===== Data under study

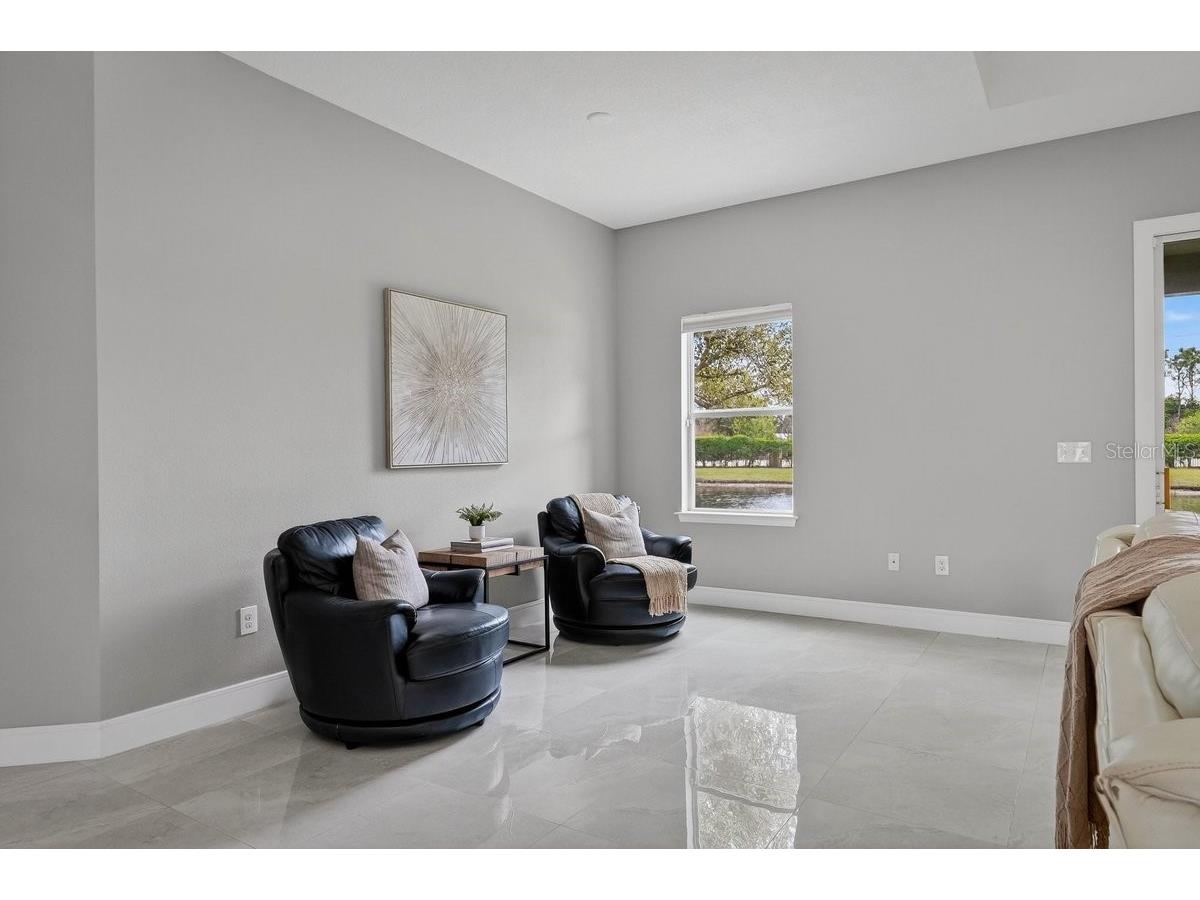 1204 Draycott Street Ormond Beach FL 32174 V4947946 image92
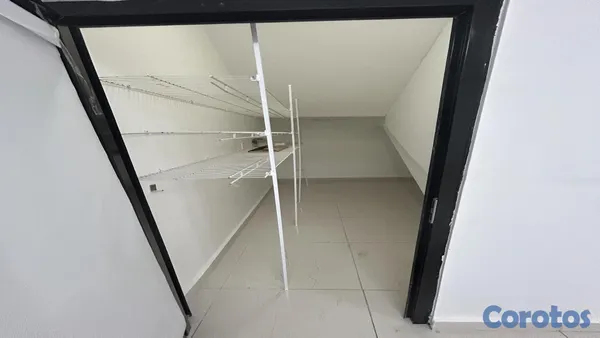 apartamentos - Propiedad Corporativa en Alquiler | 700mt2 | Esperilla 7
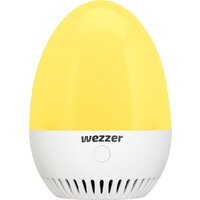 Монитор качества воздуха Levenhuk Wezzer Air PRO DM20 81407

==========
===== Data under study

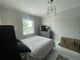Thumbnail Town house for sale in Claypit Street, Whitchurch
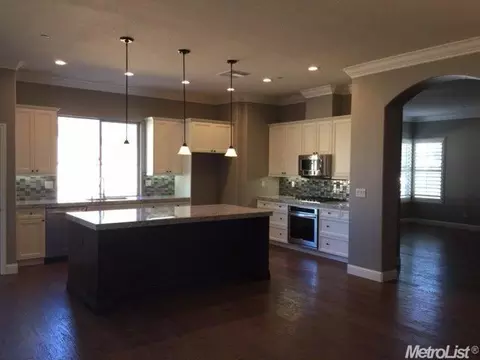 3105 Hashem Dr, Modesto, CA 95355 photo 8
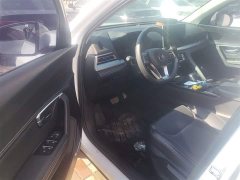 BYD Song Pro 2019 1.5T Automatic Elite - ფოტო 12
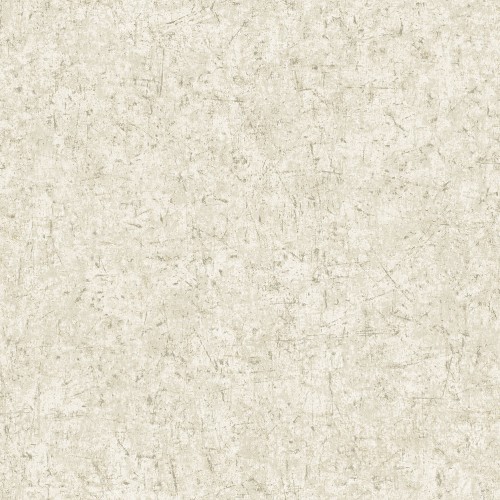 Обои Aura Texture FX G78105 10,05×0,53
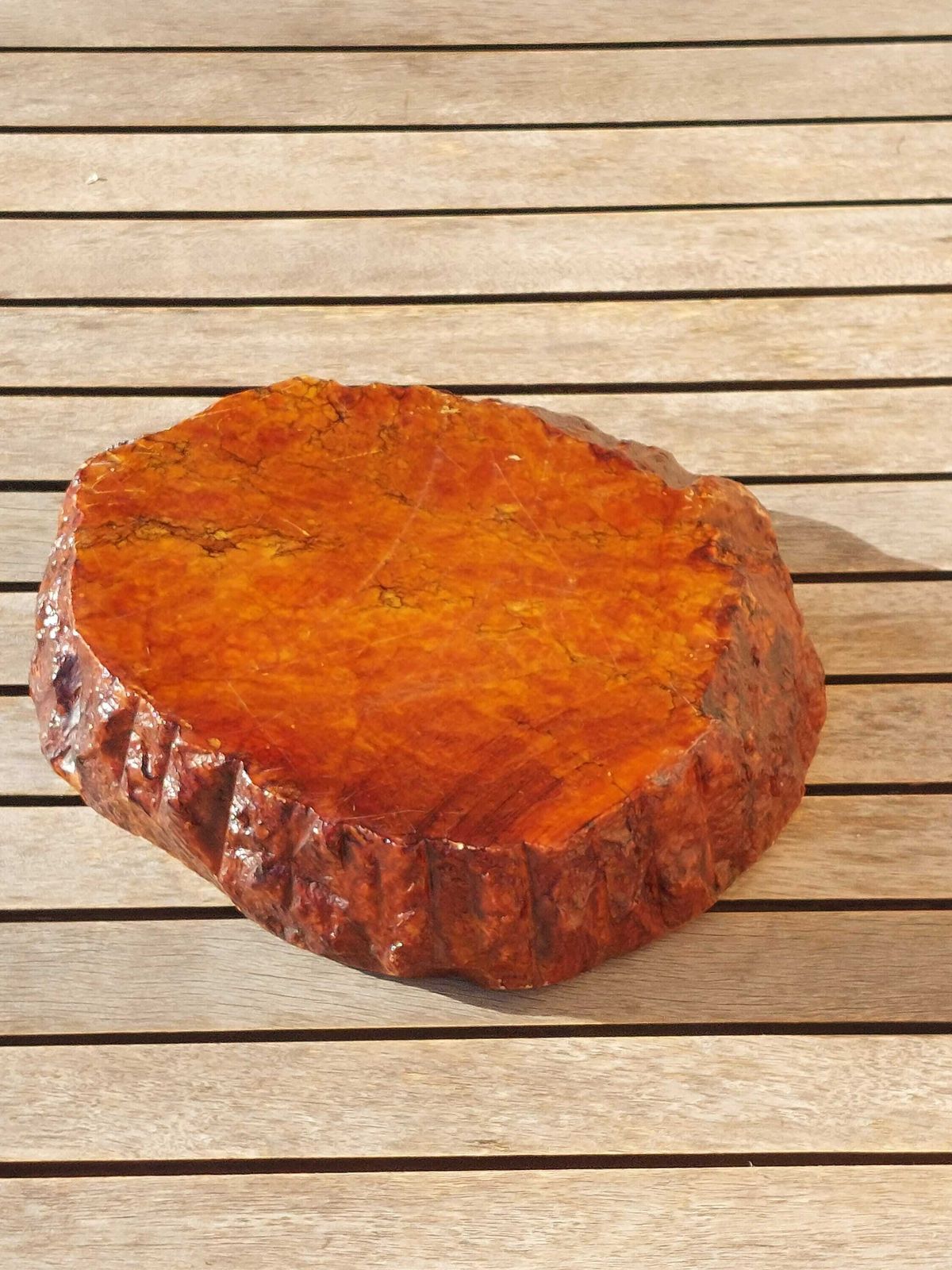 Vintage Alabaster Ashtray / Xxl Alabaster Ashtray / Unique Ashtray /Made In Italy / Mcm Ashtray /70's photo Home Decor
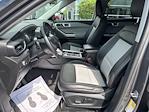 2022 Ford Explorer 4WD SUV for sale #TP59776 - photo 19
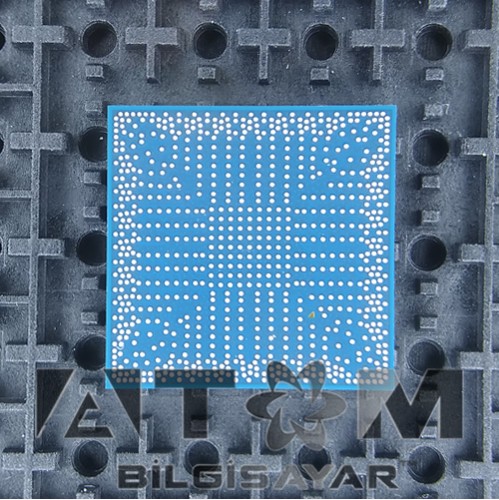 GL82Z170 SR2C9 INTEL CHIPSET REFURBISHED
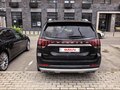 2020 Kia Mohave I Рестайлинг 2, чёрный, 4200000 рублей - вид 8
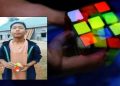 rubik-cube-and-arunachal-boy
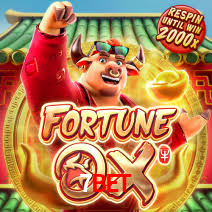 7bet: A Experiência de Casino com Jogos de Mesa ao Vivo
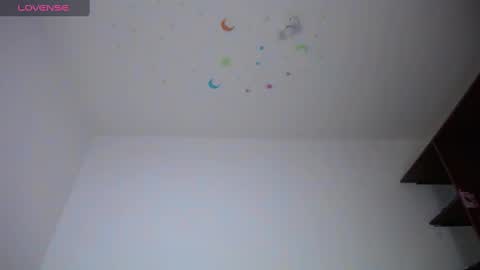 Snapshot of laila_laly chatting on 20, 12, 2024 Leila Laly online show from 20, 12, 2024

==========
===== Data under study

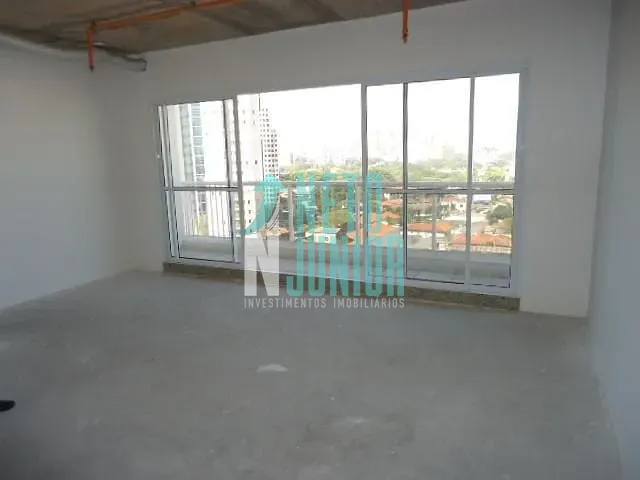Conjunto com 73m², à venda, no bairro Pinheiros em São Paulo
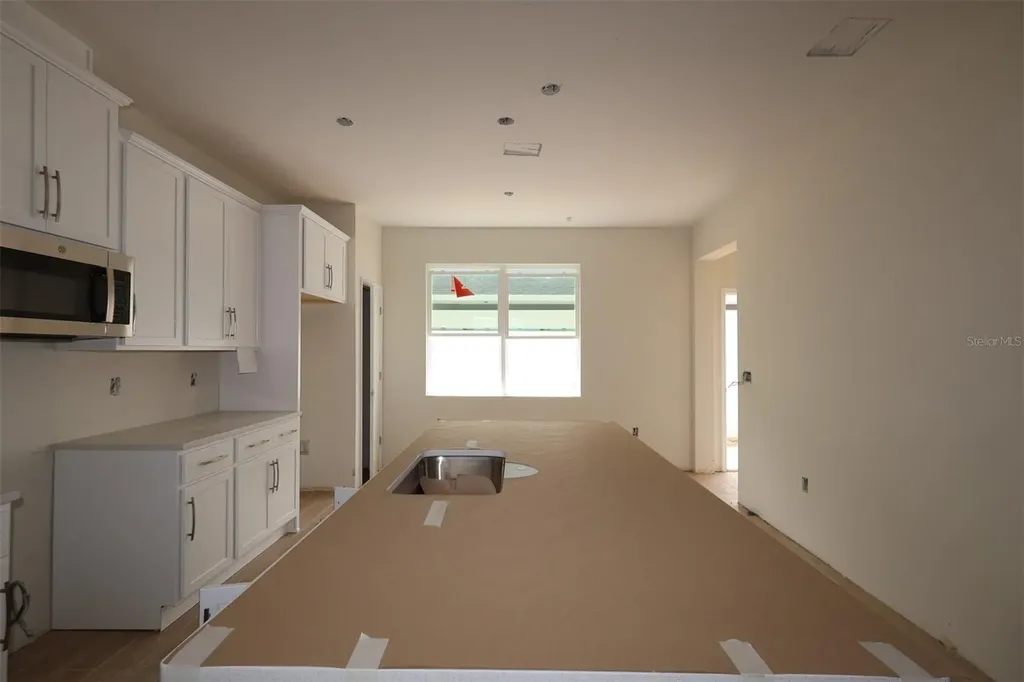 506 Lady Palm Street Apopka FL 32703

==========

*Work instructions*.
Copy needed, without pictures: the lines of the listing above from the line containing "1204 Draycott Street" up to and including the line containing "Монитор качества воздуха", set down exactly.

*Response*.
 1204 Draycott Street Ormond Beach FL 32174 V4947946 image92
 apartamentos - Propiedad Corporativa en Alquiler | 700mt2 | Esperilla 7
 Монитор качества воздуха Levenhuk Wezzer Air PRO DM20 81407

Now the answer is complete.